* _WORK INSTRUCTIONS_: Filter this data down to the lines that hold "Watch", and copy them.

Stored data
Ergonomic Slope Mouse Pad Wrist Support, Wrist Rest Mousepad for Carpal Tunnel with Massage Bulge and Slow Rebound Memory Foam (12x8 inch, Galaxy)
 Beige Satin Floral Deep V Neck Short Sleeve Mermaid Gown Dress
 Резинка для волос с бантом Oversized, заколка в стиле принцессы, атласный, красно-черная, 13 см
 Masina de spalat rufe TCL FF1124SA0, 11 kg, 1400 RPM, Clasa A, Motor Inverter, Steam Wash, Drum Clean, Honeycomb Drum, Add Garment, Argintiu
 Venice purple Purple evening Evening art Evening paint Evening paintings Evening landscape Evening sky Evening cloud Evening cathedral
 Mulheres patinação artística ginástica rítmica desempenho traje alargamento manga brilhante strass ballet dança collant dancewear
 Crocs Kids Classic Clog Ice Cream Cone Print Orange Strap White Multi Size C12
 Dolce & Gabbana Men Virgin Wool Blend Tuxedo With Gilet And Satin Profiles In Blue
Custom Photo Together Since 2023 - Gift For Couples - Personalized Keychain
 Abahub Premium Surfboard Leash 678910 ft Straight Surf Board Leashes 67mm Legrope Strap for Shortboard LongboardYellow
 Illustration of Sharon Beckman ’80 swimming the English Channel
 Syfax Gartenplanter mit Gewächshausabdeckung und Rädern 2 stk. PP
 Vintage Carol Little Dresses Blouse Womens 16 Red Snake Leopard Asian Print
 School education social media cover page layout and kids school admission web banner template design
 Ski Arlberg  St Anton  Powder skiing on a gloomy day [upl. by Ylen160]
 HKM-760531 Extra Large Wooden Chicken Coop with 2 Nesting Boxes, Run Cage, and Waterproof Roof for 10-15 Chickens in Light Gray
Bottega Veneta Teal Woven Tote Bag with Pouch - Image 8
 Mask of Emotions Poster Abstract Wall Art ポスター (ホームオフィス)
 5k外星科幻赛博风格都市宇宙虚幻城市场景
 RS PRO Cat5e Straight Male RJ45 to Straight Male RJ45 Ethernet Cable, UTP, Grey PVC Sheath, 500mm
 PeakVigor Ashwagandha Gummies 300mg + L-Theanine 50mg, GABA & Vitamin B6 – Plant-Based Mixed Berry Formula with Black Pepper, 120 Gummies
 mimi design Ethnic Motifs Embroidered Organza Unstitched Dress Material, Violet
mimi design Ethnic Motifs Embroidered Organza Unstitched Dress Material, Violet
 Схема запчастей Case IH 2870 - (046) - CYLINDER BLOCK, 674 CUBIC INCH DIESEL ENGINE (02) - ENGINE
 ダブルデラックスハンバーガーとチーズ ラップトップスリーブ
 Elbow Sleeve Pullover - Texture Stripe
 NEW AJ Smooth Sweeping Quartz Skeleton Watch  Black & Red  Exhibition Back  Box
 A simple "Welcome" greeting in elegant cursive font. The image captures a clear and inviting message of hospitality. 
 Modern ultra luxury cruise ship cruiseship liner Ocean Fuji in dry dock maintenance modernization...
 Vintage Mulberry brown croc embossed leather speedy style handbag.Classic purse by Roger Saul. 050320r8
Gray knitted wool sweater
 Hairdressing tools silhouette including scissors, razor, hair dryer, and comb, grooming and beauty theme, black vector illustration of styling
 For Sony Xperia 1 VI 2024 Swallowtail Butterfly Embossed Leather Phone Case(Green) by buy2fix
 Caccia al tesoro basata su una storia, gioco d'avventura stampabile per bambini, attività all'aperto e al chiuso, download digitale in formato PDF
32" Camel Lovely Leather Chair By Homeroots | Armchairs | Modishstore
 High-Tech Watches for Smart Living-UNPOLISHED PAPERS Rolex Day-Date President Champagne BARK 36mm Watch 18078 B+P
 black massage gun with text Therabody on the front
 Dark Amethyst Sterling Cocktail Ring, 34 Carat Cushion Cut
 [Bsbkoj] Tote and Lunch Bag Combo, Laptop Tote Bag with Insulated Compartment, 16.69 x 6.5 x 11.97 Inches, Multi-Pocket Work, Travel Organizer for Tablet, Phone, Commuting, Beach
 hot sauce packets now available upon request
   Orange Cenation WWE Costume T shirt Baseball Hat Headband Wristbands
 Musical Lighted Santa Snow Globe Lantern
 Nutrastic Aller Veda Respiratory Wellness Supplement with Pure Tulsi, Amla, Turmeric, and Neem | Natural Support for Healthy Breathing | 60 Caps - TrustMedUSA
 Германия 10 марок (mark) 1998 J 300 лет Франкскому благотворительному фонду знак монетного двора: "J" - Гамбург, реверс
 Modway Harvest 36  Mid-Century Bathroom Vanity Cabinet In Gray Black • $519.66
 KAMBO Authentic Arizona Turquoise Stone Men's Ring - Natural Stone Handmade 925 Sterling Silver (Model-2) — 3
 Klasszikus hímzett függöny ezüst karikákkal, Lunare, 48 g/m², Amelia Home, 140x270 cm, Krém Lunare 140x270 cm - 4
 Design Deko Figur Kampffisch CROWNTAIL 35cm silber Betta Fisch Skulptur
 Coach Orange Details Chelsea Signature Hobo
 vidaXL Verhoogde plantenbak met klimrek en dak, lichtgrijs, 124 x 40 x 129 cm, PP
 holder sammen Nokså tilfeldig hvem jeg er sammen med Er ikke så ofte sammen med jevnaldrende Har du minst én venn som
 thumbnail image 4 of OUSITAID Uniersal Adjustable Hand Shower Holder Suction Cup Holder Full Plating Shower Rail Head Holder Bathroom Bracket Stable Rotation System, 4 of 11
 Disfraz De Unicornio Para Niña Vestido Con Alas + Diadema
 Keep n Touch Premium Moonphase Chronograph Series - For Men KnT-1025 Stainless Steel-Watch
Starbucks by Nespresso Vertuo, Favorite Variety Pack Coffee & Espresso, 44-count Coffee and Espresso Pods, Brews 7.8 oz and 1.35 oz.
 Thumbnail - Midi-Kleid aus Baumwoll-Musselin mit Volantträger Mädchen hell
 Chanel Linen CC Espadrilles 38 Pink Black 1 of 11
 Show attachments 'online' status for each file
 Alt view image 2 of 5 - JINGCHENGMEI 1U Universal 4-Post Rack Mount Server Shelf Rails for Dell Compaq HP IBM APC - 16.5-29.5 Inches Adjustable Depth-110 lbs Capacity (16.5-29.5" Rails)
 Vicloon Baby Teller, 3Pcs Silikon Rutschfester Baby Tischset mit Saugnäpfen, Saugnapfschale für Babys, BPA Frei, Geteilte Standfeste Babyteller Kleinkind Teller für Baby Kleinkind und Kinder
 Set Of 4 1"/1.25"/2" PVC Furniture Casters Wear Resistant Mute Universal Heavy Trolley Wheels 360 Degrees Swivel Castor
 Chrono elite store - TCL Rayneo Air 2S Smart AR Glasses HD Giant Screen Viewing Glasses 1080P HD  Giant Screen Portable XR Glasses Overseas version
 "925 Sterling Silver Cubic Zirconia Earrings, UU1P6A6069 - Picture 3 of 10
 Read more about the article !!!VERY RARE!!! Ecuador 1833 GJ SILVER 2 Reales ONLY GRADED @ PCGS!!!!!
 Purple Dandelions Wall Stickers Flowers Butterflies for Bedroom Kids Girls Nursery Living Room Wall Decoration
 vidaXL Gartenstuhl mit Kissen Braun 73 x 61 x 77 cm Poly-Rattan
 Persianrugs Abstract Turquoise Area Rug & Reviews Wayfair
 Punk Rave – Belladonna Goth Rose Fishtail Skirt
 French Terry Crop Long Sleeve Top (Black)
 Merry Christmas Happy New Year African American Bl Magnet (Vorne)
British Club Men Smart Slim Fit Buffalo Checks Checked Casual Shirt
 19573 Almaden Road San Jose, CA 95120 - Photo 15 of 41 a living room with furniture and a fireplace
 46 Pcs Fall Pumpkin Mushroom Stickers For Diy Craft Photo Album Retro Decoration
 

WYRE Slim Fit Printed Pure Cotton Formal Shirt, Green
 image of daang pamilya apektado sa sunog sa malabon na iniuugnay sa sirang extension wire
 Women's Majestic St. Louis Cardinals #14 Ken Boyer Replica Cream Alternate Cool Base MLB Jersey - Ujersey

* _FINISHED TASK_:
 NEW AJ Smooth Sweeping Quartz Skeleton Watch  Black & Red  Exhibition Back  Box
 High-Tech Watches for Smart Living-UNPOLISHED PAPERS Rolex Day-Date President Champagne BARK 36mm Watch 18078 B+P
 Keep n Touch Premium Moonphase Chronograph Series - For Men KnT-1025 Stainless Steel-Watch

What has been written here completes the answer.